Ukrainian Crimean Tatar activist and soldier

Nariman Narketovych Bilialov (Наріман Наркетович Білялов), better known as Isa Akaiev (Іса Акаєв), is a Ukrainian Crimean Tatar civic activist and junior sergeant of the Main Directorate of Intelligence.

== Biography ==
In 1944, his grandparents and parents were deported from Crimea to Uzbekistan, where he was born and trained as a civil engineer. In the early 1990s, they returned to their family homeland.

Akaiev participated in the Euromaidan protests.
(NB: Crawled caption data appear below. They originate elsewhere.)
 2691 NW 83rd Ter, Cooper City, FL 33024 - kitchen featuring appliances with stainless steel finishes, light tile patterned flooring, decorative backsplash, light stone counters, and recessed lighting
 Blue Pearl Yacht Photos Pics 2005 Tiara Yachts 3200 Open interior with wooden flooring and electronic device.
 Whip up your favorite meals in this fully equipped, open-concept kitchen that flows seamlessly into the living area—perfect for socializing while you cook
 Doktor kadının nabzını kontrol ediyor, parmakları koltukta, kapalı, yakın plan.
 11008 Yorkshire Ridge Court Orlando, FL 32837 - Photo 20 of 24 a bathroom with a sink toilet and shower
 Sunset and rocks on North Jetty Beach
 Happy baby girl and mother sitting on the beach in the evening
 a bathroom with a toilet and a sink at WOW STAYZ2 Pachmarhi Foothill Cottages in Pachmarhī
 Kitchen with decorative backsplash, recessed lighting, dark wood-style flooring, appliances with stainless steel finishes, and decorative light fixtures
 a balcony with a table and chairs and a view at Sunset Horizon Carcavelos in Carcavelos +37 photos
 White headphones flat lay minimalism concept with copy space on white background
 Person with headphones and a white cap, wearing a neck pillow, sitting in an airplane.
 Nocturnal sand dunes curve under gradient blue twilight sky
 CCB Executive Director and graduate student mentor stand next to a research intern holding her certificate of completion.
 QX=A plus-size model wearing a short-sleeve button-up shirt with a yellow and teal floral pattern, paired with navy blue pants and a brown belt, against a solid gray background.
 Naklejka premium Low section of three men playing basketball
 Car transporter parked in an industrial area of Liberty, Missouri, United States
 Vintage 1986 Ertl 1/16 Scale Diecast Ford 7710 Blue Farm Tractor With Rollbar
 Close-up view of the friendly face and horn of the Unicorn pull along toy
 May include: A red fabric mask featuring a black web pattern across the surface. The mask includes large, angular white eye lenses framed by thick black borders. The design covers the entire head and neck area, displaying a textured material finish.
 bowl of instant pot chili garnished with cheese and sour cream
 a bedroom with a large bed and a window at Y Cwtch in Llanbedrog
In 2014, after the Russian takeover of Crimea, he left the peninsula and volunteered for the Dnipro-1 Battalion. With no combat experience, he founded and led the Krym Battalion, with which he defended Mariupol and participated in the battles for Savur-Mohyla. He was later demobilized. He helped his compatriots in mainland Ukraine. He was engaged in the popularization of Crimean Tatar traditions in Vinnytsia Oblast.

Since 2021, he has been the head of the Charitable Foundation "Krymly". Deputy Head of the public organization "Vetan" (Vinnytsia).

With the beginning of the full-scale Russian invasion of Ukraine, he returned to the front. Participated in the battles for Kyiv Oblast, Zaporizhzhia and Kherson directions and Bakhmut.

On 24 October 2022, he was put on the wanted list by the Russian administration in Crimea.